Music brings many mental health benefits, but it also helps with physical wellness. Playing an instrument can improve dexterity and strength.

Many instruments require a specific position to play properly. This usually requires good posture, the right breathing, and good hand-eye coordination. Plucking strings or pressing tabs work the fingers, strengthening and stretching them.

Playing instruments leads to better coordination and balance.

Seniors who don’t know how to play an instrument can check out local schools and universities. Many host senior classes at a discount or for free that cover a variety of topics. You can also speak to your assisted living facility staff to see if they are aware of local programs for seniors who want to learn to play.

Assisted living residents who listen to music are also inspired to move. They may get up and dance, or move to the beat while seated if mobility is a concern. If you are starting your fitness journey as a senior citizen, consider dancing.

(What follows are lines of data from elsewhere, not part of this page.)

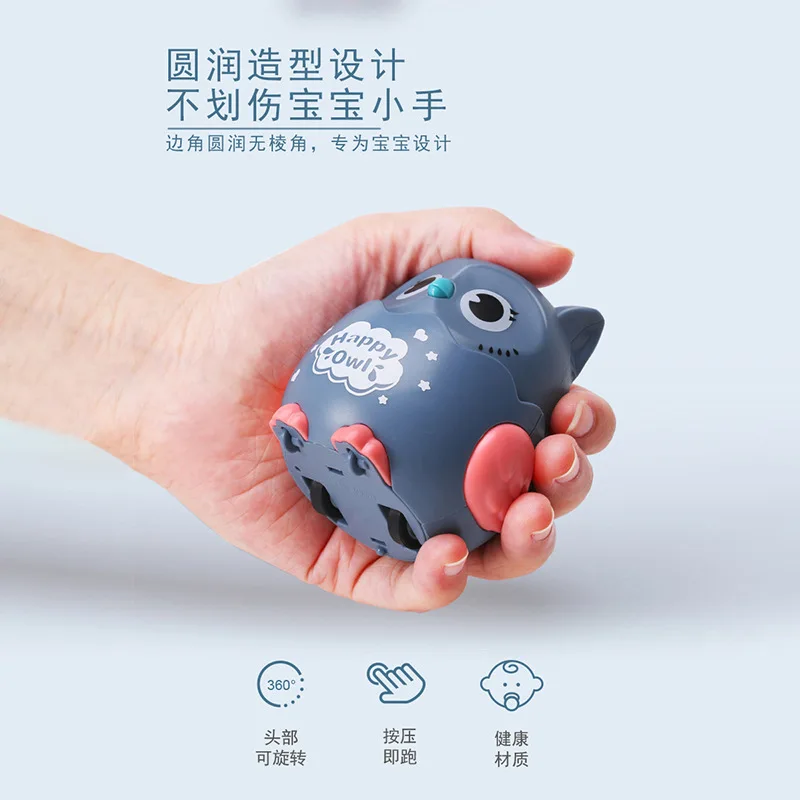 2021 New Under 14 Kids Toys Press Sliding Owl Boy Dinosaur Toy Girl Cute Plaything Animal Model Action Figure Halloween Gift | Игрушки и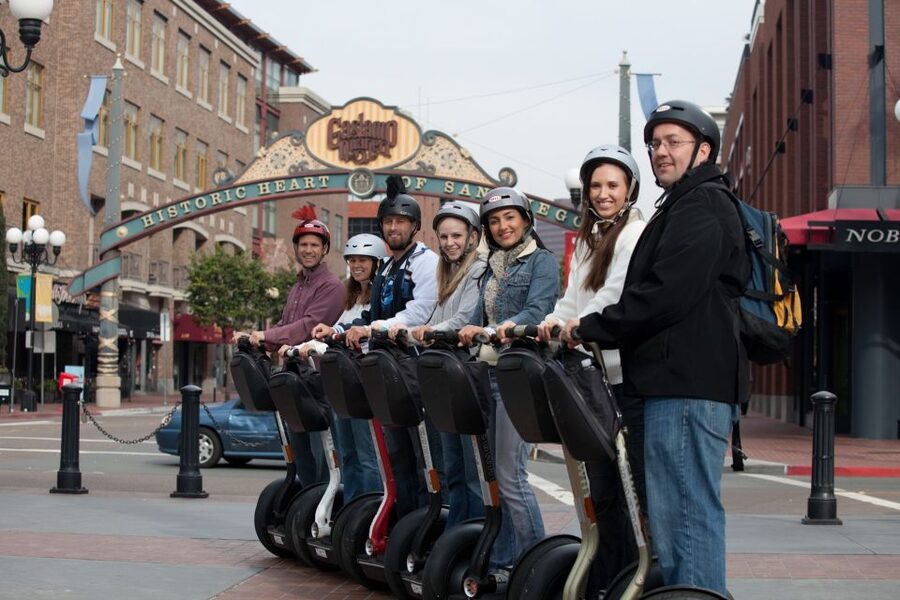 San Diego: Segway Tour of the Gaslamp District - Getting comfortable on the Segway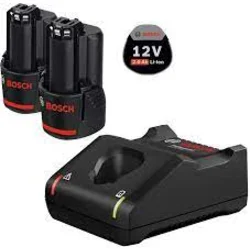 Bosch Početni set 2 x GBA 12V 2.0Ah + GAL 12V-40 1600A019R8
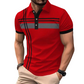 👕Men's Striped Short Sleeve Collared Top🌿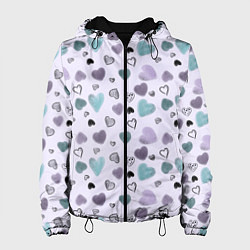 Женская куртка Розовый паттерн с сердечками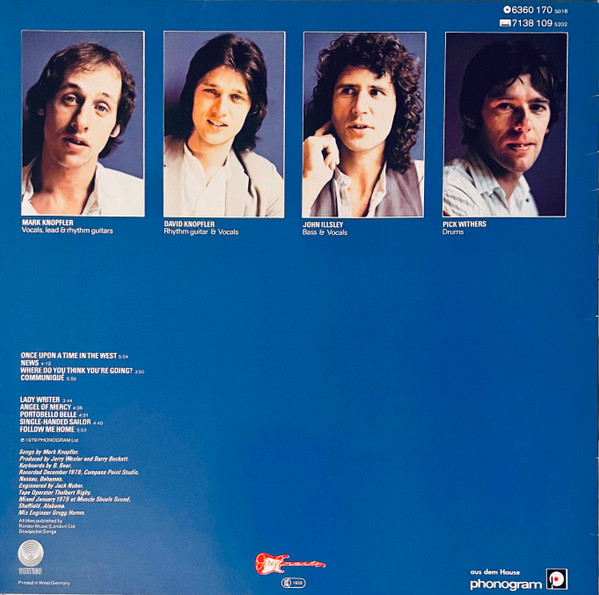 Dire Straits - Communiqué | Vertigo (6360 170) - main
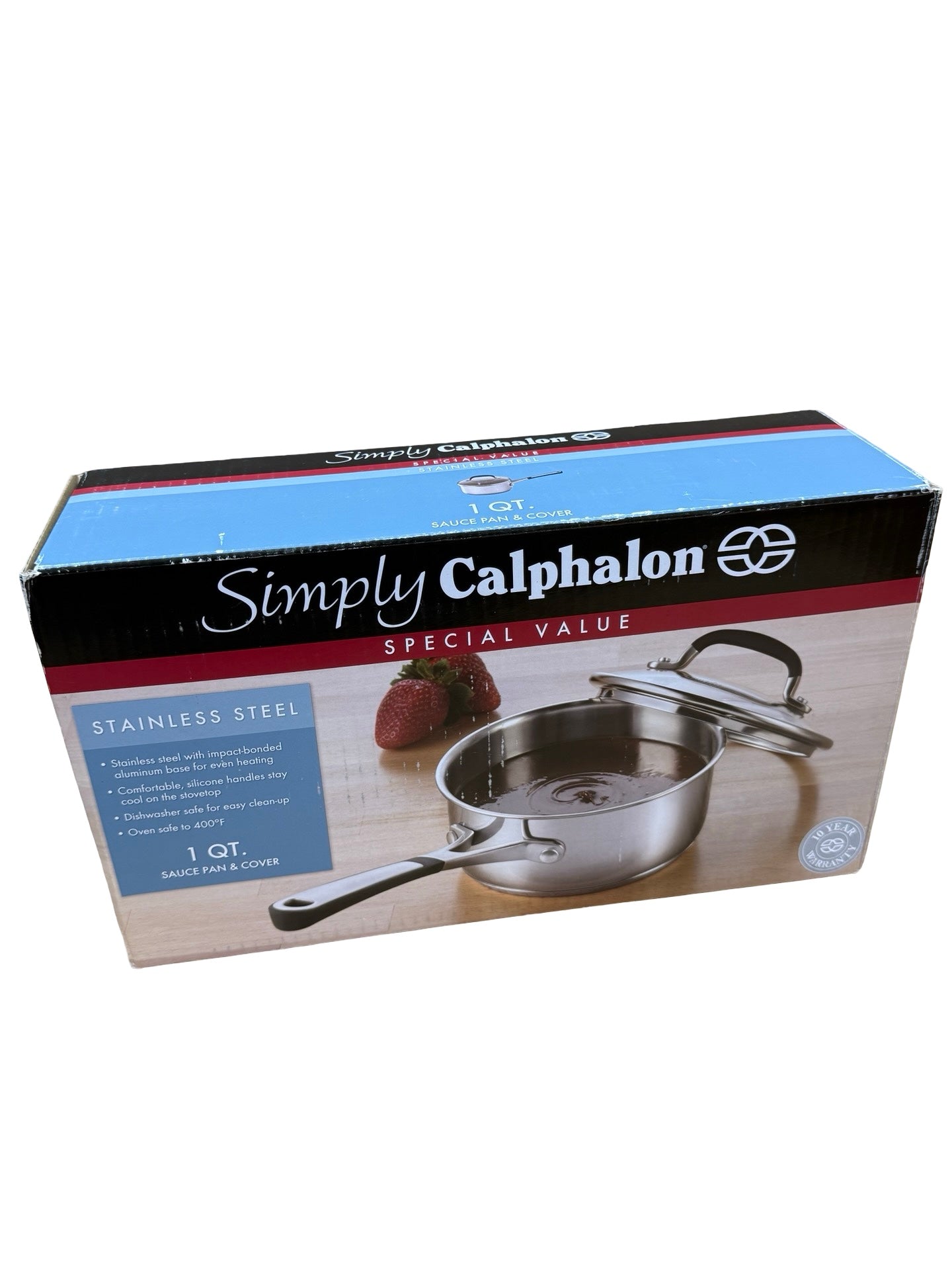 Simply Calphalon Special Value 1QT sauce pan & cover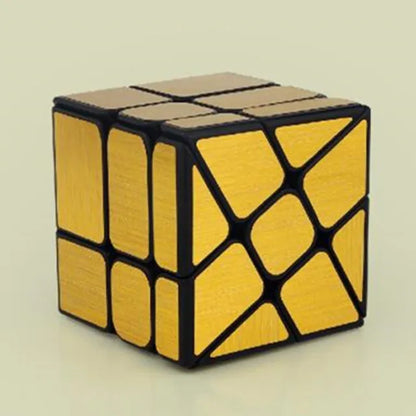 MoYu Mofangjiaoshi Cubing classe 3x3 Fisher moulin à vent miroir drôle torsadé 3x3x3 Cube magique Puzzle jouet enfants Cubo Magico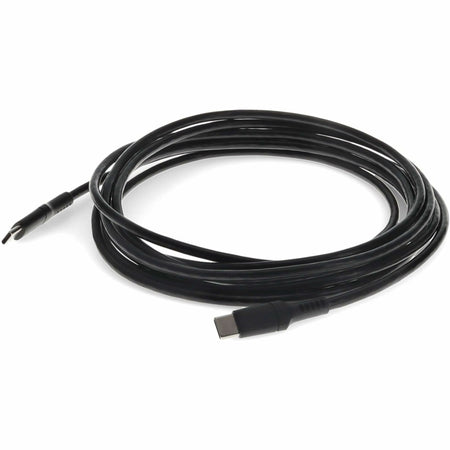AddOn 2.0m (6.6ft) USB C Male to USB C Male USB 2.0 Sync and Charge Black Cable - USBC2MB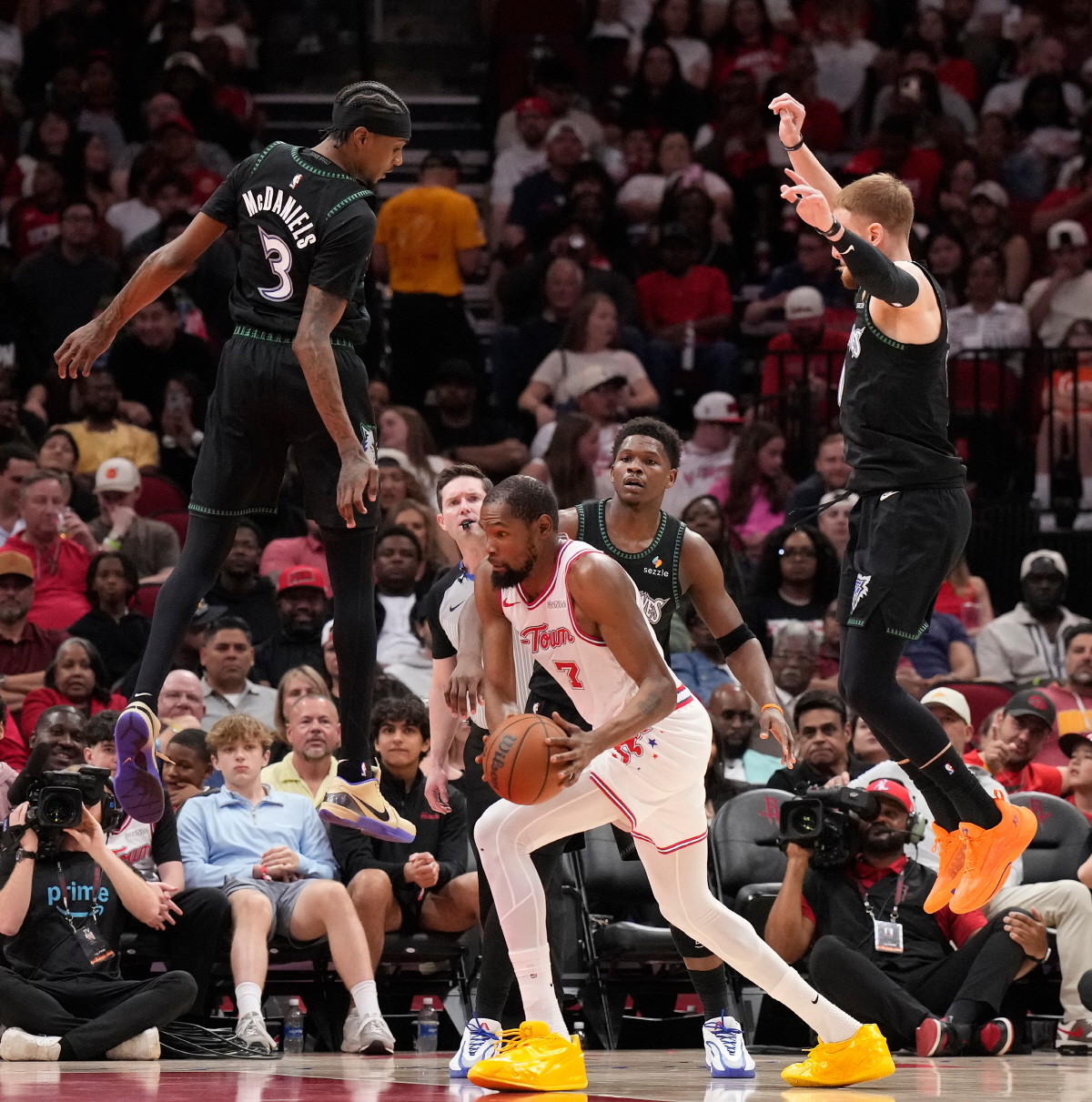 휴스턴 비상! 케빈 듀란트도 쓰러졌다. PO 1차전 결장. LA 레이커스-휴스턴 로케츠는 '부상 시리즈'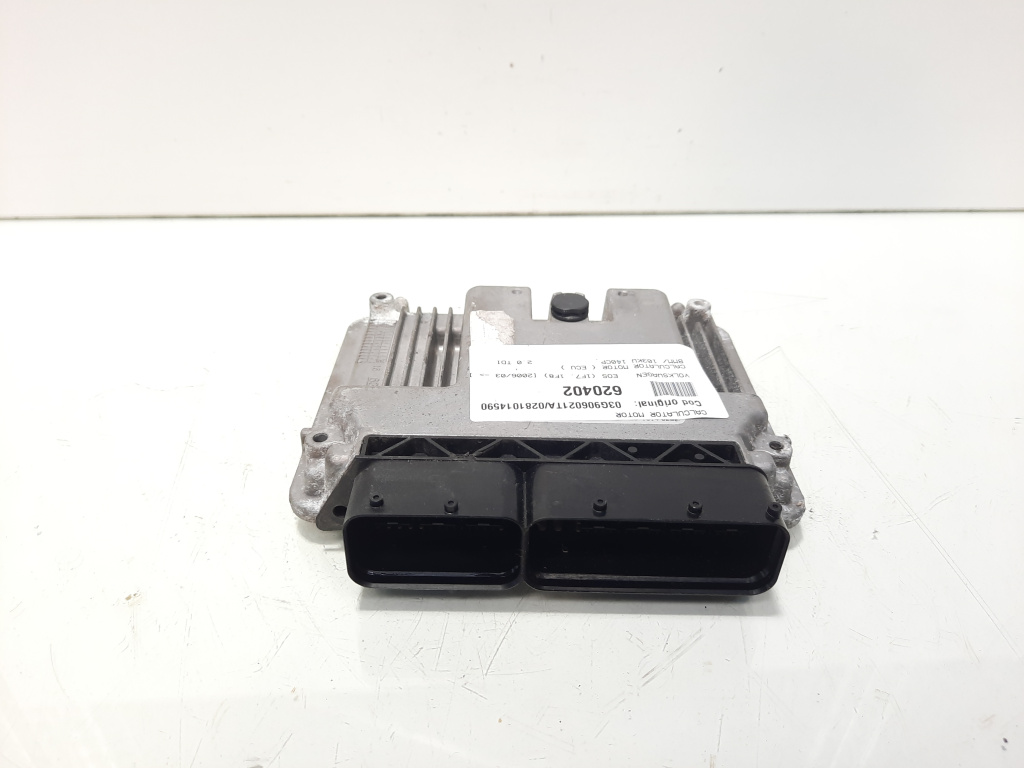 Calculator motor, cod 03G906021TA, 0281014590, Seat Altea (5P1) 2.0 TDI, BMM (idi:620402)
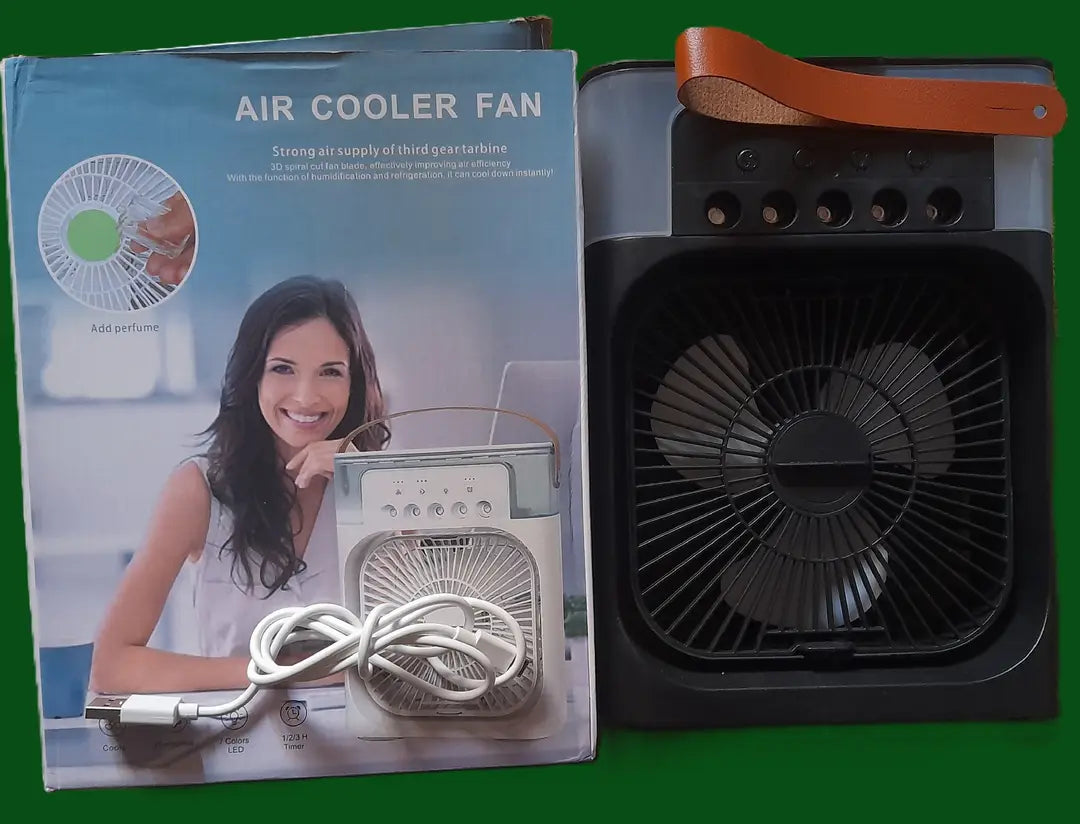 USB Desk Fan with Ice Cooling Easy To Use Mini Air Cooler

Music Helps Senior Citizens with Dementia

The benefits listed above are helpful for any senior, but especially those with dementia. Cognitive decline robs a person of their ability to recall memories and function independently. Music may not stop the disease, but it can help slow down the effect it has on elderly patients.

Music therapy is often used to ease the symptoms of dementia. Even seniors in the late stages of the disease often show signs of recognition when hearing beloved songs. They may sing or tap to the beat.

Listening to music has also been shown to reduce the agitation and stress that can come with dementia.